#### [Information given]
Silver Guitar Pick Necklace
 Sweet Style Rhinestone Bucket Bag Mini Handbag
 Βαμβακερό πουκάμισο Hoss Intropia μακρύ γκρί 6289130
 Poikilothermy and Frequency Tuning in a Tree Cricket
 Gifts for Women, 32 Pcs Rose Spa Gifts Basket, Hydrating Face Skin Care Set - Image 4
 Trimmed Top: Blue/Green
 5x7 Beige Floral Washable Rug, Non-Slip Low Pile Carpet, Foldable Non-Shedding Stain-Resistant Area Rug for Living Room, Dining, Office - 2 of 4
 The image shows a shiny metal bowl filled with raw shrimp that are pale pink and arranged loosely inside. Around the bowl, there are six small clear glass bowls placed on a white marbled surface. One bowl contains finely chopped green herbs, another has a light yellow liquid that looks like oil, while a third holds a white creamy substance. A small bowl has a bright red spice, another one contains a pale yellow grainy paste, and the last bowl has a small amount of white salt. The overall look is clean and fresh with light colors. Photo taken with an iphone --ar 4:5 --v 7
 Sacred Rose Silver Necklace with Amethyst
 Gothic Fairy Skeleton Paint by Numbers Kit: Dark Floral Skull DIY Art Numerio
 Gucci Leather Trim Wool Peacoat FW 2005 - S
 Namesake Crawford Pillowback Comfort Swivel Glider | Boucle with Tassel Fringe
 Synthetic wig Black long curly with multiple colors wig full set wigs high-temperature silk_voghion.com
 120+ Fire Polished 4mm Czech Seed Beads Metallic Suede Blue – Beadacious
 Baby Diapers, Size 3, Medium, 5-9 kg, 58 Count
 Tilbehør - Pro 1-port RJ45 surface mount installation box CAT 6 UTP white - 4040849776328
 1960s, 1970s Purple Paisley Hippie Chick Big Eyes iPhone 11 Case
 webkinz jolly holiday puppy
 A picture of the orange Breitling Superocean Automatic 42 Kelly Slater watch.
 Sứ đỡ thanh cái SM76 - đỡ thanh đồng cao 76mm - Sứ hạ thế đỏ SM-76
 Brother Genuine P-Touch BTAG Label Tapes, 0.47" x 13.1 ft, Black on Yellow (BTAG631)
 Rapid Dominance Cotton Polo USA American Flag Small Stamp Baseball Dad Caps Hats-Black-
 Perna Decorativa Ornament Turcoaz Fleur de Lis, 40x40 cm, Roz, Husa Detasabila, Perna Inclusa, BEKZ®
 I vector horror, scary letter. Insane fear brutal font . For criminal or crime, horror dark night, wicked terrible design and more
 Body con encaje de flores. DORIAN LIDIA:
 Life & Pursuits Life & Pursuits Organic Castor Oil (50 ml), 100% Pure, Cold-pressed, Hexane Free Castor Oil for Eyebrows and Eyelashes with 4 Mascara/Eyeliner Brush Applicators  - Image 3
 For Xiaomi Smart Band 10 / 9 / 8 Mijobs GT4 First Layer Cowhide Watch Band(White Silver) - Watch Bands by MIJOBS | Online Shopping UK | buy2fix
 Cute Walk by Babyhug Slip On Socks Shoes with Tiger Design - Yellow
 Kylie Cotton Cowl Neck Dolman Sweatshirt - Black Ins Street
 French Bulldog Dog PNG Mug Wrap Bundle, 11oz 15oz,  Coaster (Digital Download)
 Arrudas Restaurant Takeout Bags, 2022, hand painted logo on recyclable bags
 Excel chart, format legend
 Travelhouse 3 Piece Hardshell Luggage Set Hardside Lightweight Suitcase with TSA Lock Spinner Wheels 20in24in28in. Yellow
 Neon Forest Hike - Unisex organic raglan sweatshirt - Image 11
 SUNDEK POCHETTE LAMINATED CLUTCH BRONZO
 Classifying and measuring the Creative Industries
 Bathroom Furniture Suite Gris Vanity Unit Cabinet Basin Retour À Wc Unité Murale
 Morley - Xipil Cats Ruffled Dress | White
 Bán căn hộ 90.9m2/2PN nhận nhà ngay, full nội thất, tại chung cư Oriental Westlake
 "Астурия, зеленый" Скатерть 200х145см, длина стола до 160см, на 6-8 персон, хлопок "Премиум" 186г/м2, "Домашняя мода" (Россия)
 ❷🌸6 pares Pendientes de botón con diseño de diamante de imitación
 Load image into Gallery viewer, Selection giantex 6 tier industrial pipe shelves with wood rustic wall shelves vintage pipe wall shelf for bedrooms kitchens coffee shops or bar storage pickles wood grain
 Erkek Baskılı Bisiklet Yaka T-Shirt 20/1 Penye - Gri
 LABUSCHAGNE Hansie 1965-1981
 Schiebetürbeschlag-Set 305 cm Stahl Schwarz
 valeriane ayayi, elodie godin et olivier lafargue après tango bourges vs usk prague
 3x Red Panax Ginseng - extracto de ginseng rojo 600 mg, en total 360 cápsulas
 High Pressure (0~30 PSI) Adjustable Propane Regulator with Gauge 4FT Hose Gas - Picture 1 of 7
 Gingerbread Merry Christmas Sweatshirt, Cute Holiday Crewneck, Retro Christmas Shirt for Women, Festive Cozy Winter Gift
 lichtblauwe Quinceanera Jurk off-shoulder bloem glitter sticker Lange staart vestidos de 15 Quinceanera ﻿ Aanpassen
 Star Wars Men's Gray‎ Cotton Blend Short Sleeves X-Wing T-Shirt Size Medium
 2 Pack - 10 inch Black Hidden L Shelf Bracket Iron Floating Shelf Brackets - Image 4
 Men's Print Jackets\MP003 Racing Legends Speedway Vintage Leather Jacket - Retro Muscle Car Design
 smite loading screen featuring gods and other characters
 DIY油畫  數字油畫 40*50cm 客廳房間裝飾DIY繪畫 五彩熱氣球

#### [Task item]
Go through the material and set every line down again exactly.

#### [Response to this task]
Silver Guitar Pick Necklace
 Sweet Style Rhinestone Bucket Bag Mini Handbag
 Βαμβακερό πουκάμισο Hoss Intropia μακρύ γκρί 6289130
 Poikilothermy and Frequency Tuning in a Tree Cricket
 Gifts for Women, 32 Pcs Rose Spa Gifts Basket, Hydrating Face Skin Care Set - Image 4
 Trimmed Top: Blue/Green
 5x7 Beige Floral Washable Rug, Non-Slip Low Pile Carpet, Foldable Non-Shedding Stain-Resistant Area Rug for Living Room, Dining, Office - 2 of 4
 The image shows a shiny metal bowl filled with raw shrimp that are pale pink and arranged loosely inside. Around the bowl, there are six small clear glass bowls placed on a white marbled surface. One bowl contains finely chopped green herbs, another has a light yellow liquid that looks like oil, while a third holds a white creamy substance. A small bowl has a bright red spice, another one contains a pale yellow grainy paste, and the last bowl has a small amount of white salt. The overall look is clean and fresh with light colors. Photo taken with an iphone --ar 4:5 --v 7
 Sacred Rose Silver Necklace with Amethyst
 Gothic Fairy Skeleton Paint by Numbers Kit: Dark Floral Skull DIY Art Numerio
 Gucci Leather Trim Wool Peacoat FW 2005 - S
 Namesake Crawford Pillowback Comfort Swivel Glider | Boucle with Tassel Fringe
 Synthetic wig Black long curly with multiple colors wig full set wigs high-temperature silk_voghion.com
 120+ Fire Polished 4mm Czech Seed Beads Metallic Suede Blue – Beadacious
 Baby Diapers, Size 3, Medium, 5-9 kg, 58 Count
 Tilbehør - Pro 1-port RJ45 surface mount installation box CAT 6 UTP white - 4040849776328
 1960s, 1970s Purple Paisley Hippie Chick Big Eyes iPhone 11 Case
 webkinz jolly holiday puppy
 A picture of the orange Breitling Superocean Automatic 42 Kelly Slater watch.
 Sứ đỡ thanh cái SM76 - đỡ thanh đồng cao 76mm - Sứ hạ thế đỏ SM-76
 Brother Genuine P-Touch BTAG Label Tapes, 0.47" x 13.1 ft, Black on Yellow (BTAG631)
 Rapid Dominance Cotton Polo USA American Flag Small Stamp Baseball Dad Caps Hats-Black-
 Perna Decorativa Ornament Turcoaz Fleur de Lis, 40x40 cm, Roz, Husa Detasabila, Perna Inclusa, BEKZ®
 I vector horror, scary letter. Insane fear brutal font . For criminal or crime, horror dark night, wicked terrible design and more
 Body con encaje de flores. DORIAN LIDIA:
 Life & Pursuits Life & Pursuits Organic Castor Oil (50 ml), 100% Pure, Cold-pressed, Hexane Free Castor Oil for Eyebrows and Eyelashes with 4 Mascara/Eyeliner Brush Applicators  - Image 3
 For Xiaomi Smart Band 10 / 9 / 8 Mijobs GT4 First Layer Cowhide Watch Band(White Silver) - Watch Bands by MIJOBS | Online Shopping UK | buy2fix
 Cute Walk by Babyhug Slip On Socks Shoes with Tiger Design - Yellow
 Kylie Cotton Cowl Neck Dolman Sweatshirt - Black Ins Street
 French Bulldog Dog PNG Mug Wrap Bundle, 11oz 15oz,  Coaster (Digital Download)
 Arrudas Restaurant Takeout Bags, 2022, hand painted logo on recyclable bags
 Excel chart, format legend
 Travelhouse 3 Piece Hardshell Luggage Set Hardside Lightweight Suitcase with TSA Lock Spinner Wheels 20in24in28in. Yellow
 Neon Forest Hike - Unisex organic raglan sweatshirt - Image 11
 SUNDEK POCHETTE LAMINATED CLUTCH BRONZO
 Classifying and measuring the Creative Industries
 Bathroom Furniture Suite Gris Vanity Unit Cabinet Basin Retour À Wc Unité Murale
 Morley - Xipil Cats Ruffled Dress | White
 Bán căn hộ 90.9m2/2PN nhận nhà ngay, full nội thất, tại chung cư Oriental Westlake
 "Астурия, зеленый" Скатерть 200х145см, длина стола до 160см, на 6-8 персон, хлопок "Премиум" 186г/м2, "Домашняя мода" (Россия)
 ❷🌸6 pares Pendientes de botón con diseño de diamante de imitación
 Load image into Gallery viewer, Selection giantex 6 tier industrial pipe shelves with wood rustic wall shelves vintage pipe wall shelf for bedrooms kitchens coffee shops or bar storage pickles wood grain
 Erkek Baskılı Bisiklet Yaka T-Shirt 20/1 Penye - Gri
 LABUSCHAGNE Hansie 1965-1981
 Schiebetürbeschlag-Set 305 cm Stahl Schwarz
 valeriane ayayi, elodie godin et olivier lafargue après tango bourges vs usk prague
 3x Red Panax Ginseng - extracto de ginseng rojo 600 mg, en total 360 cápsulas
 High Pressure (0~30 PSI) Adjustable Propane Regulator with Gauge 4FT Hose Gas - Picture 1 of 7
 Gingerbread Merry Christmas Sweatshirt, Cute Holiday Crewneck, Retro Christmas Shirt for Women, Festive Cozy Winter Gift
 lichtblauwe Quinceanera Jurk off-shoulder bloem glitter sticker Lange staart vestidos de 15 Quinceanera ﻿ Aanpassen
 Star Wars Men's Gray‎ Cotton Blend Short Sleeves X-Wing T-Shirt Size Medium
 2 Pack - 10 inch Black Hidden L Shelf Bracket Iron Floating Shelf Brackets - Image 4
 Men's Print Jackets\MP003 Racing Legends Speedway Vintage Leather Jacket - Retro Muscle Car Design
 smite loading screen featuring gods and other characters
 DIY油畫  數字油畫 40*50cm 客廳房間裝飾DIY繪畫 五彩熱氣球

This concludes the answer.